The results are presented in Figures 4 and 5 for the voiced sections, and in Figures 6 and 7 for the unvoiced sections. Let us begin the analysis of the results with the voiced sections. Figure 4 displays the results of the LT coding technique in terms of ASD as a function of the bit rate. Each one of the curves on the left of the figure corresponds to a fixed MS-VQ resolution (which value is plotted), the ASD target being varied. It can be seen that the different resolutions provide an array of intertwined curves, each one following the classic general rate-distortion relationship: an increase of the ASD goes with a decrease of the bit rate. These curves are generally situated on the left of the curve corresponding to the frame-by-frame quantization, which is also plotted. They thus generally correspond to smaller bit rates. Moreover, the gain in bit rate for approximately the same ASD can be very large, depending on the considered region and the resolution (see more details below). In a general manner, the way the curves are intertwined involves that increasing the resolution of the MS-VQ quantizer makes the bit rate increase for the left upper region of the curves, but it is no more the case in the right lower region, after the "crossing" of the curves. This illustrates the specific trade-off that must be tuned between quantization accuracy and modeling accuracy, as mentioned in Section 3.4. The ASD target value has a strong influence on this trade-off. For a given ASD level, the lower bit rate is obtained with the leftmost point, which depends on the resolution. The set of optimal points for the different ASD values, that is, the left-down envelope of the curves, can be extracted and it forms what will be referred to as the optimal LT coding curve.

Figure 4
figure 4

Average spectral distortion (ASD) as a function of the average bit rate, calculated on the whole voiced test database, and for both the LSF LT coding and frame-by-frame LSF quantization. The plotted numbers are the resolutions (in bits/vector). For each resolution, the different points of each LT-coding curve cover the range of the ASD target.

Figure 5
figure 5

Average spectral distortion (ASD) as a function of the average bit rate, calculated on the whole voiced test database, and for LSF optimal LT coding (continuous line, black points, on the left); Frame-by-frame LSF quantization (continuous line, black points, on the right); 2D-DCT transform coding (dashed lines, grey circles) for, from top to bottom, K = 2, 5, 10, and 20; adaptive 2D-DCT transform coding (continuous line, grey circles); and adaptive 2D-KLT transform coding (continuous line, grey diamonds).

figure 6

Figure 6

figure 7

Figure 7

For easier comparison, we report this optimal curve on Figure 5, and we also plot on this figure the results obtained with the 2D-DCT and KLT transform coding methods (and also again the frame-by-frame quantization curve).

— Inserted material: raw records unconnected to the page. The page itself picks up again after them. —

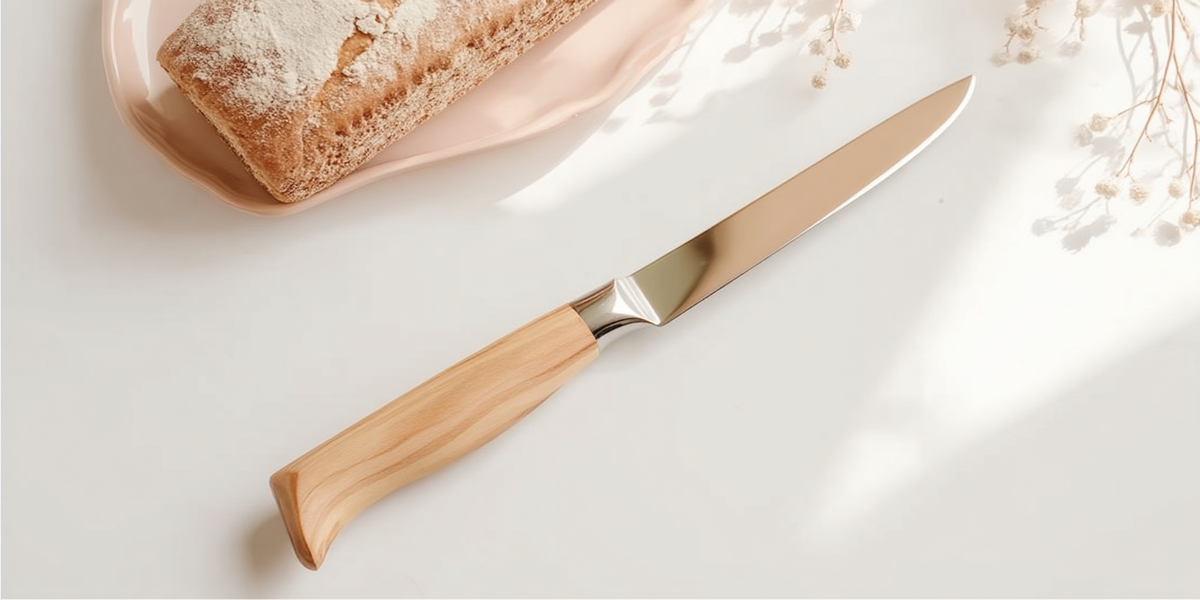 Couteau de cuisine avec manche en bois et lame en acier inoxydable, présenté avec du pain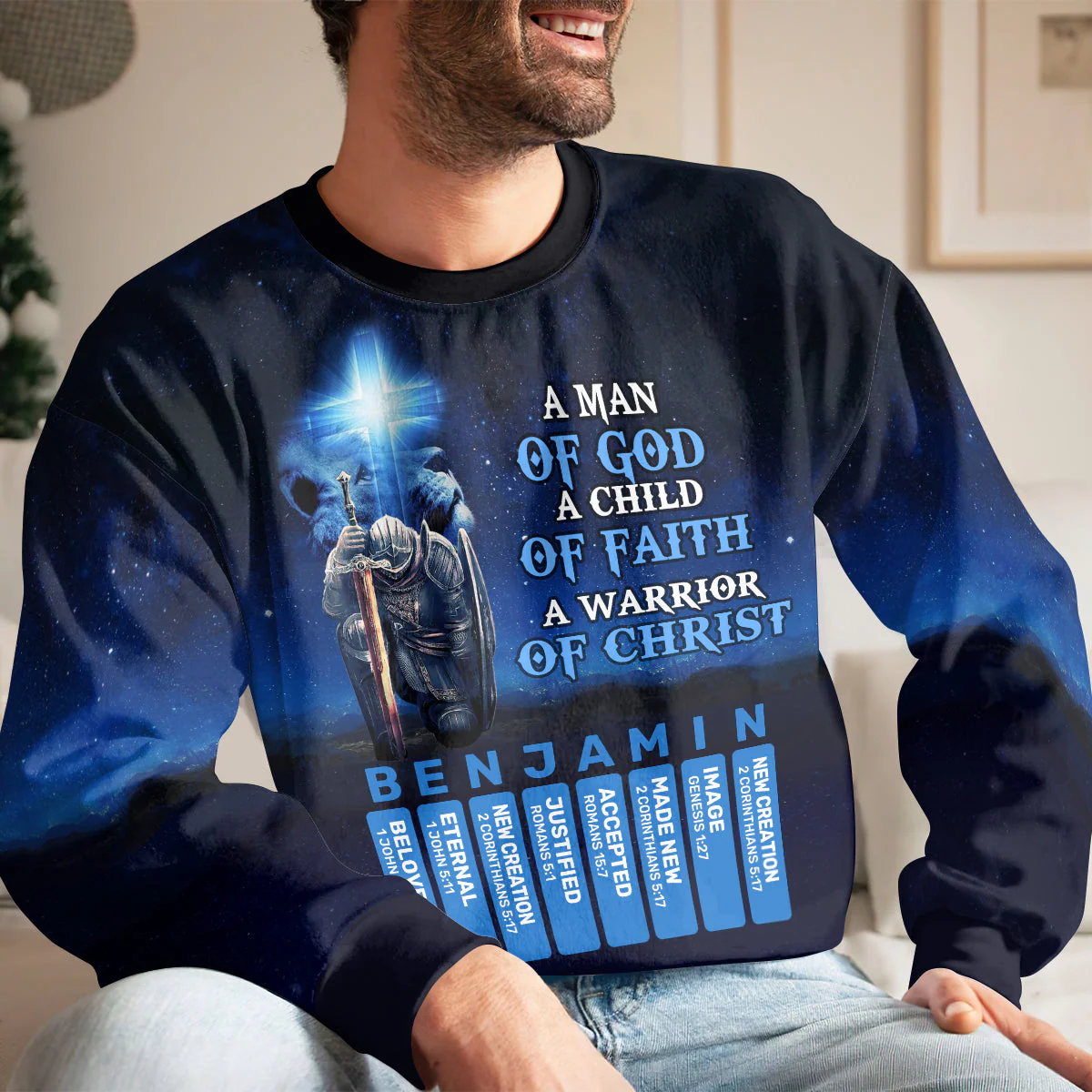 A Man Of God - Personalized AOP Sweatshirt TD118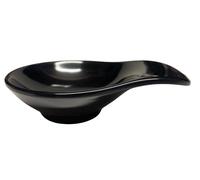 Pami, set 6 coppetta ovale nero 11x8x3,1cm con manico, in melamina professionale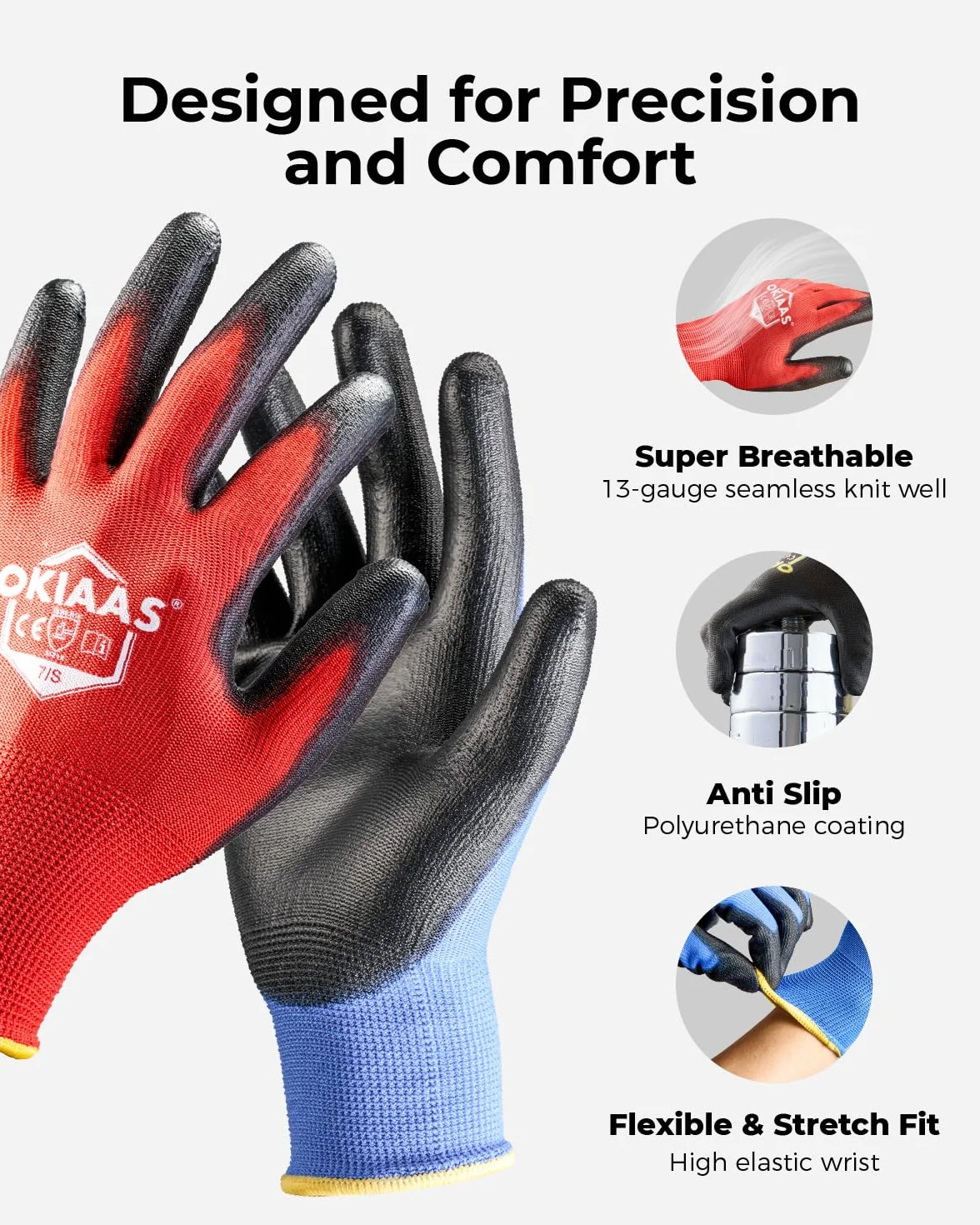OKIAAS Guantes de trabajo de seguridad (12 pares, tamaño XL/10) con mango, guantes de trabajo con revestimiento de poliuretano (PU), para mecánico, almacén, jardinería, construcción, trabajos de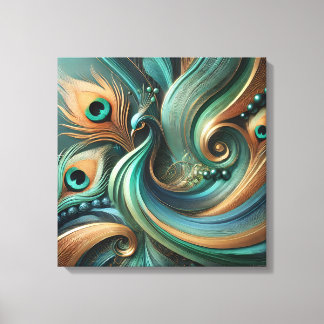 Peacock Feathers in Abstract Flow Canvas Art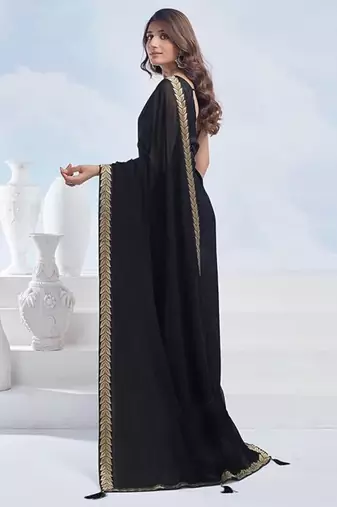 Black georgette designer border saree with unstitch blouse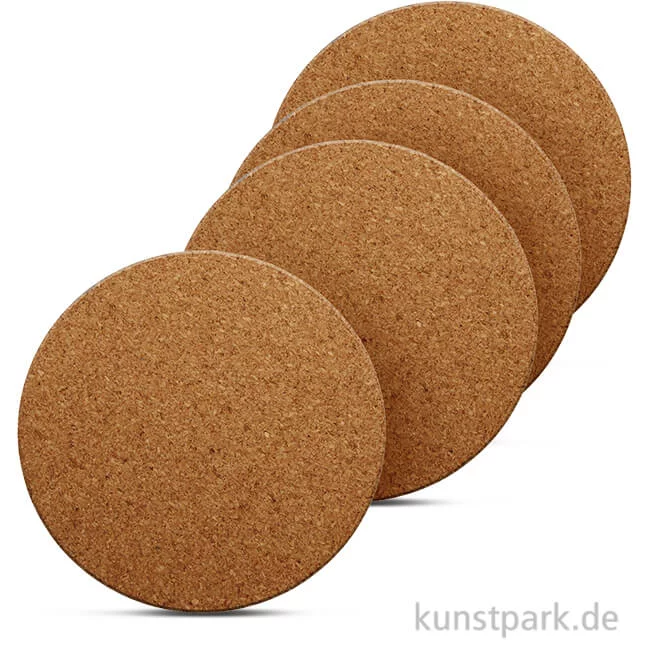 Artikelbild 1 des Artikels “Kork-Untersetzer - rund, 10 cm Durchmesser, 0,3 cm Dicke, 4 Stück “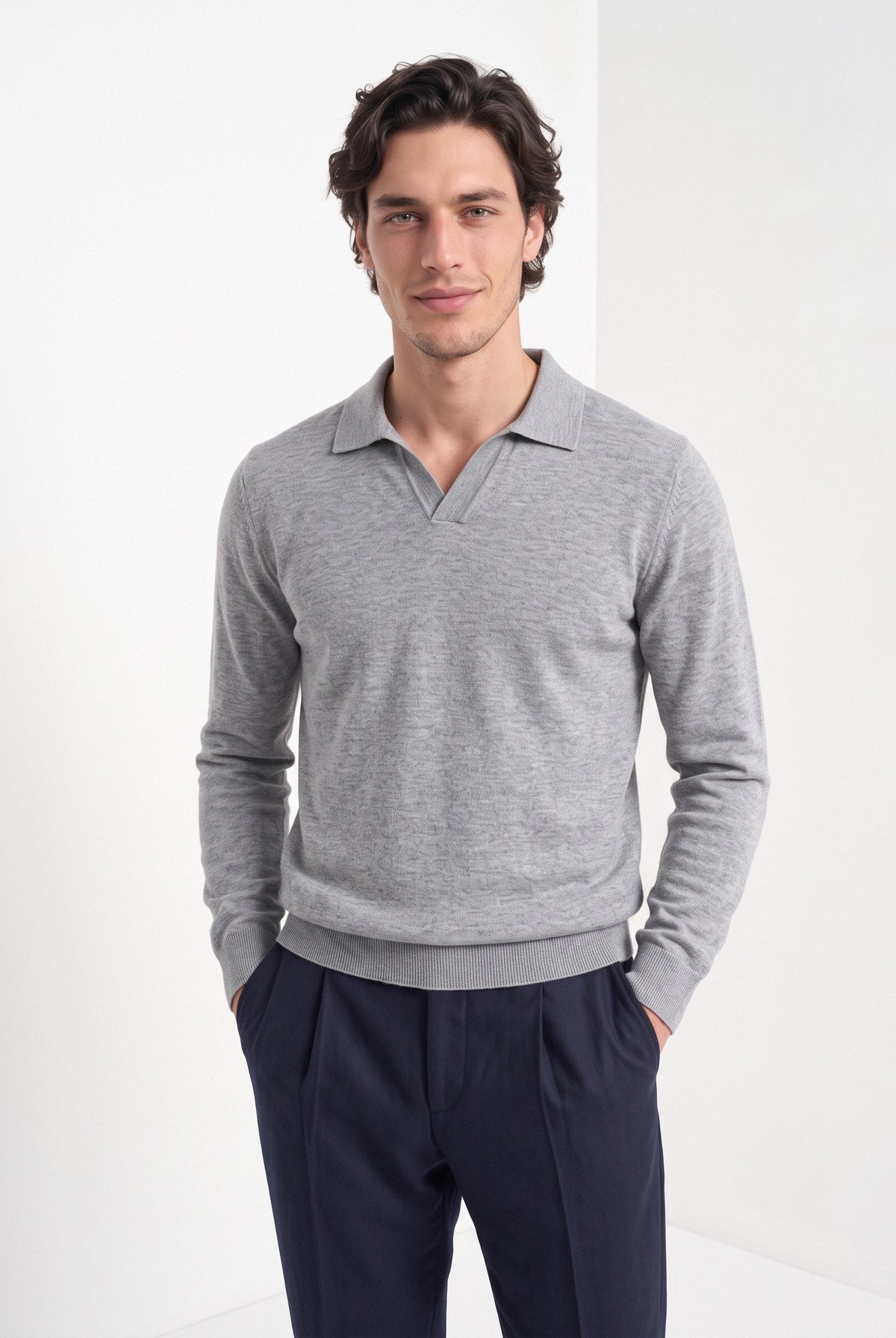 Men's cashmere long sleeve knitted polo in light grey, front portrait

The curves of the 2D-DCT transform coding are given for the temporal size 2, 5, 10 and 20, and also for the "adaptive" curve (i.e., the values averaged according to the distribution of the temporal size) which is the main reference in this variable-rate study. We can see that for the 2D-DCT transform coding, the longer is the temporal size, the lower is the ASD. The average curve is between the curves corresponding to K = 5 and K = 10. For clarity, the KLT transform coding curve is only given for the adaptive configuration. This curve is about 0.05 to 0.1 dB below the adaptive 2D-DCT curve, which corresponds to about 2-3 bits/vector savings, depending on the bit rate (this is consistent with the optimal character of the KLT and with the results reported in [19]).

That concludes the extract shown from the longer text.